Dann gibt es aber auch natürlich andere Unis sowohl in den USA als auch Großbritannien, wo es ein Weg ist, in Kontakt mit Gleichgesinnten zu treten (so wie ich das eigentlich in meinem Kurs mache), weil man eben Freude am Schreiben und Lesen hat, selbst das mal in der Freizeit macht und gerne Feedback haben möchte.
In Deutschland wird das leider immer noch als "Häkelstunde" abgetan, wobei es für Lehrer unerlässlich ist, diese kreativen Schreibmethoden zu kennen (Perspektivenschreiben u.a.), aber es auch bei anderen Arbeiten hilft (z.B. Cluster-Verfahren zur Ideengewinnung, Strukturierung).

Re: Kreatives Schreiben an Uni,Schule,in Deutschland,USA,GB usw.

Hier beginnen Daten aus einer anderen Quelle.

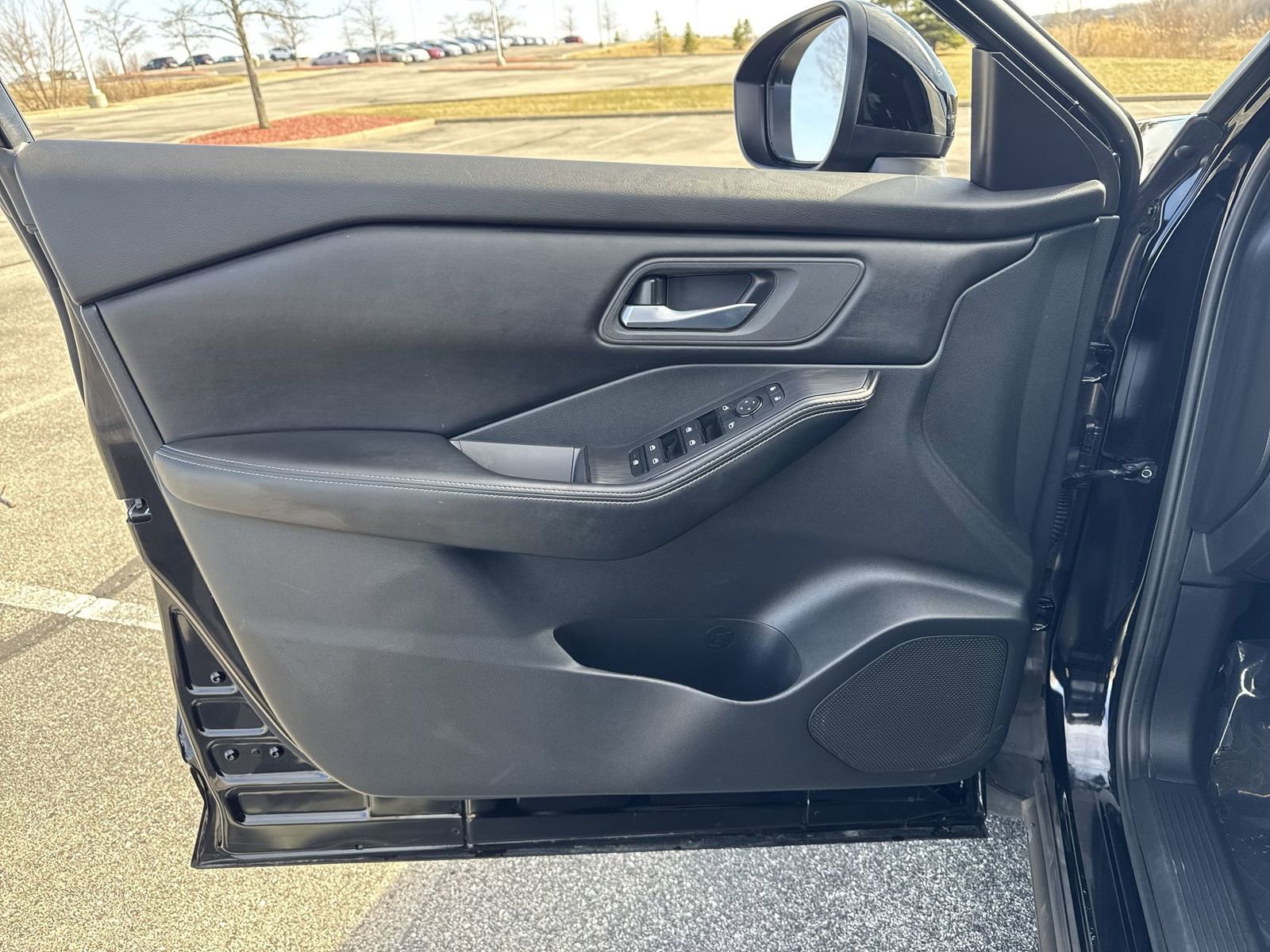 Used 2024 Nissan Rogue SV image 24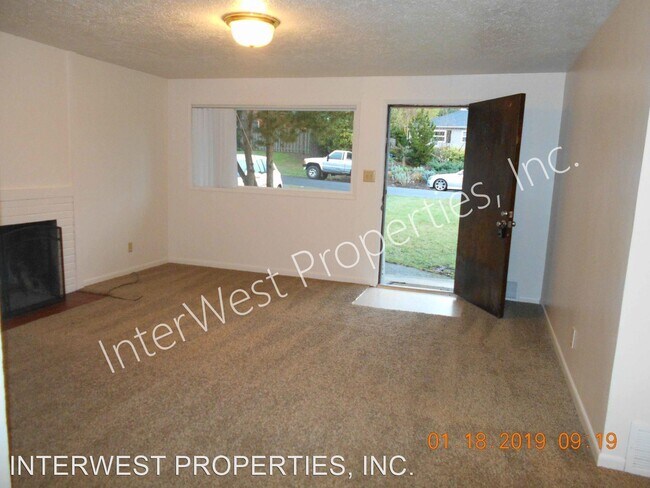 Foto del edificio - 3 br, 1 bath House - 12740 SW EDGEWOOD ST.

Verfasst: 27.10.2009, 13:39
von nufafitc
Und weiter:

nufafitc:
Onkel Donald hat geschrieben:
Bemerkenswert in diesem Zusammenhang finde ich übrigens die Tatsache, dass kein einziger dieser bekannten CW-Gurus einen wirklich erfolgreichen Roman veröffentlicht hat, und dass kein einziger wirklich erfolgreicher Schriftsteller solch einen Kurs besucht zu haben scheint. Offensichtlich gehört doch noch eine Menge mehr zum Schreiben eines Bestsellers, als das Wissen, das solche Lehrgänge vermitteln können. :wink:

Also oft ist es ja so, dass die Creative Writing-Lehrer "resident writers" sind (wenn ich den Begriff richtig verwende), d.h. es sind schon Schriftsteller, die nicht als Leitfaden da stehen und sagen "du schreibst so und nicht anders", sondern eher als Vermittler. Ein Creative Writing-Lehrer, genau wie ein Admin in einem forum, ist eher sowas wie jemand, der die Gespräche nicht aus dem Ruder laufen lässt, keine persönlichen Attacken, sondern eher konstruktive Kritik vermittelt (deshalb wäre das eigentlich auch für einige andere Leute ganz hilfreich, wie man so damit umgeht...).
Es gibt ein recht gutes Buch von James N. Frey ("How To Write A Damn Good Novel"), der schon einige Bücher geschrieben hat und da so einige Tipps gibt. Beim Anglistentag hatte ich auch das Vergnügen, den irischen Autor Glenn Patterson kennenzulernen, der das auch unterrichtet wie auch einige andere Autoren. Ich kannte die jetzt vorher auch nicht... aber es ist wirklich oft so, dass man an den Unis verstärkt richtige, etablierte Autoren anstellt, die eben auch einen Draht zum Markt haben.
Ich glaube, das Problem hier in Deutschland ist: Diese schwachsinnige Genie-Ästhetik (danke an Goethe und den Rest der Romantiker). Viele Autoren verhalten sich da so, als ob man sie nicht imitieren könnte. Es gibt sicherlich auch (jüngere) Schriftsteller, die gerne etwas preisgeben wollen... aber es kommt mir eben häufig so vor, als ob die alle als was Total Besonderes dastehen wollen (wo die dt. Kritiker auch nicht ganz unschuldig sind).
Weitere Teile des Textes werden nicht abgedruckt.